Job attachments uses your configured S3 bucket as a content-addressable storage, which creates a snapshot of the files used in your job submission in asset manifests, only uploading files that aren't already in S3. This saves you time and bandwidth when iterating on jobs. When an AWS Deadline Cloud worker agent starts working on a job with job attachments, it recreates the file system snapshot in the worker agent session directory, and uploads any outputs back to your S3 bucket.

You can then easily download your outputs with the deadline job download-output command, or using the protocol handler to download from a click of a button in the AWS Deadline Cloud monitor.

Job attachments also works as an auxiliary storage when used with AWS Deadline Cloud storage profiles, allowing you to flexibly upload files to your Amazon S3 bucket that aren't on your configured shared storage.

See the examples directory for some simple examples on how to use job attachments. See the developer guide for a demonstration of how the CLI works with job attachments.

Job Attachments Bucket Structure

The basic structure that job attachments uses in your S3 bucket is as follows:

RootPrefix/
    Data/
    Manifests/
  • RootPrefix is the top-level prefix that all job attachments files are written to. This is configurable when you associate your S3 bucket with a queue.
  • Data is where the files are stored, based on a hash of their contents. This is a fixed prefix used by the job attachments library and is non-configurable.
  • Manifests is where manifests are stored which are associated with job submissions. This is a fixed prefix used by the job attachments library and is non-configurable.

S3 Key Format

Data Files

Data files in the job attachments system are stored using a content-addressable approach. The S3 key format for data files is:

<root_prefix>/Data/<file_hash>.<hash_algorithm>

For example:

my-deadline-prefix/Data/a1b2c3d4e5f6g7h8i9j0.xxh128

Where: - <root_prefix> is the prefix configured in the queue's job attachment settings - <file_hash> is the hash of the file contents - <hash_algorithm> is the algorithm used to generate the hash (currently "xxh128")

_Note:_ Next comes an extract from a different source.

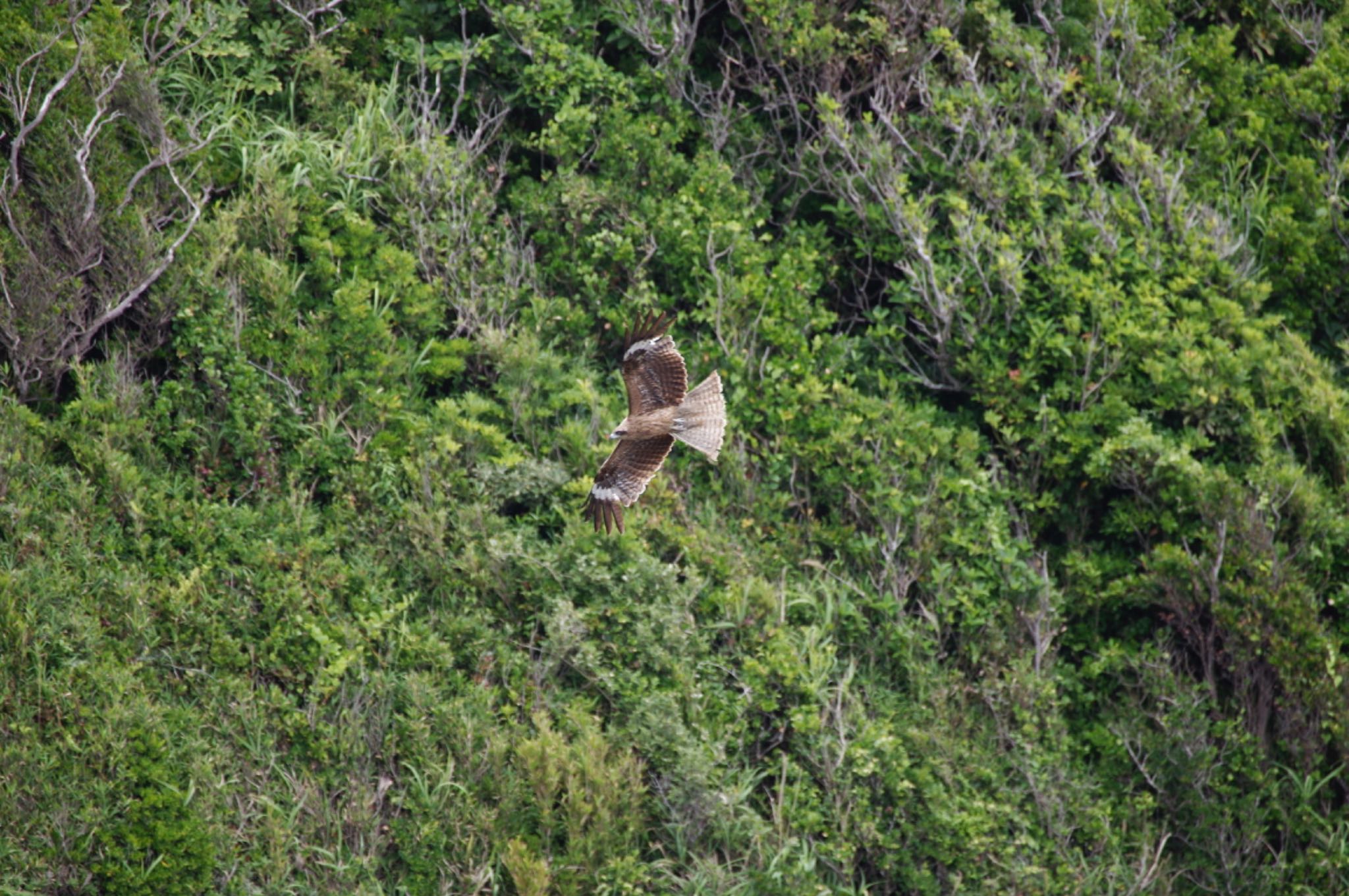 Photo of Black Kite at ウミウ展望台 by  itboy2010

This content-addressable approach ensures that identical files are only stored once, regardless of their original filenames or paths.

Manifest Files

Manifests are stored for both job inputs and task outputs. The S3 key for the input manifest for a job can be found by calling GetJob and looking in the response under attachments.manifests.rootPath. See the developer guide on job attachments for more info.

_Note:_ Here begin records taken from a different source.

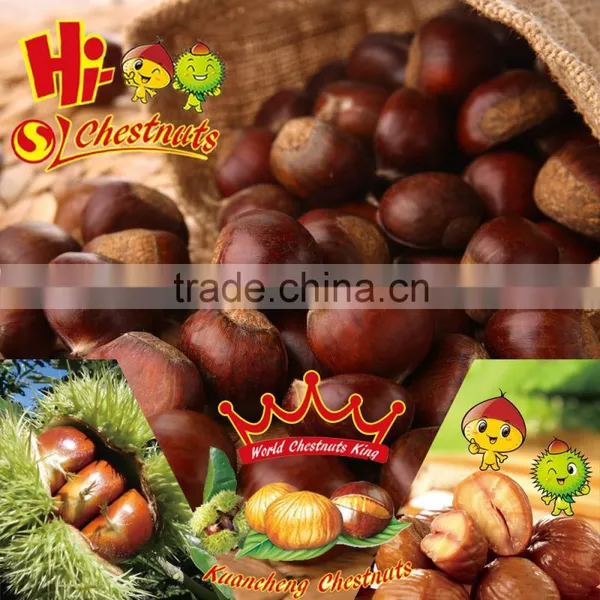 New Crop Fresh Chestnut, Bulk Hebei Chestnuts for Sale photo-4
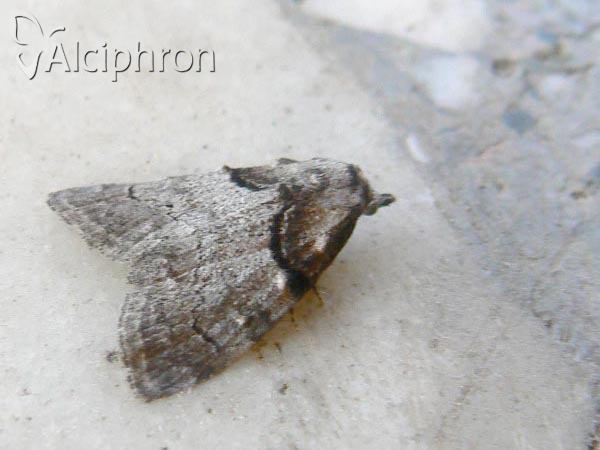 Nola cucullatella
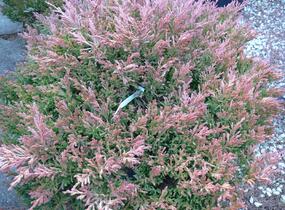 Jalovec polehlý 'Lime Glow' - Juniperus horizontalis 'Lime Glow'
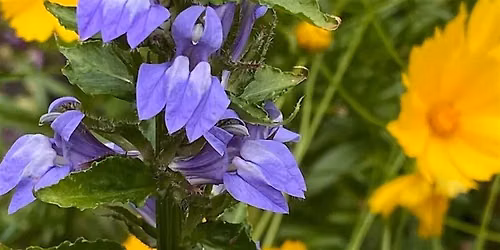 Pollinator Week: Guided Walk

Output manifests for tasks are stored under:

<root_prefix>/Manifests/<farm_id>/<queue_id>/<job_id>/<step_id>/<task_id>/<timestamp>_<session_action_id>/<manifest_hash>_output

Where: - <root_prefix> is the prefix configured in the queue's job attachment settings - <farm_id>, <queue_id>, <job_id>, <step_id>, <task_id>, and <session_action_id> are the respective identifiers (e.g., farm-1234567890abcdefg) - <manifest_hash> is a hash of the concatenation of fileSystemLocationName (if set) and rootPath fields in the job's manifests list. - <timestamp> is the time that the task started. It is formatted as an ISO8601 timestamp with microsecond precision and in the UTC timezone (e.g. 2025-04-01T17:27:28.044179Z)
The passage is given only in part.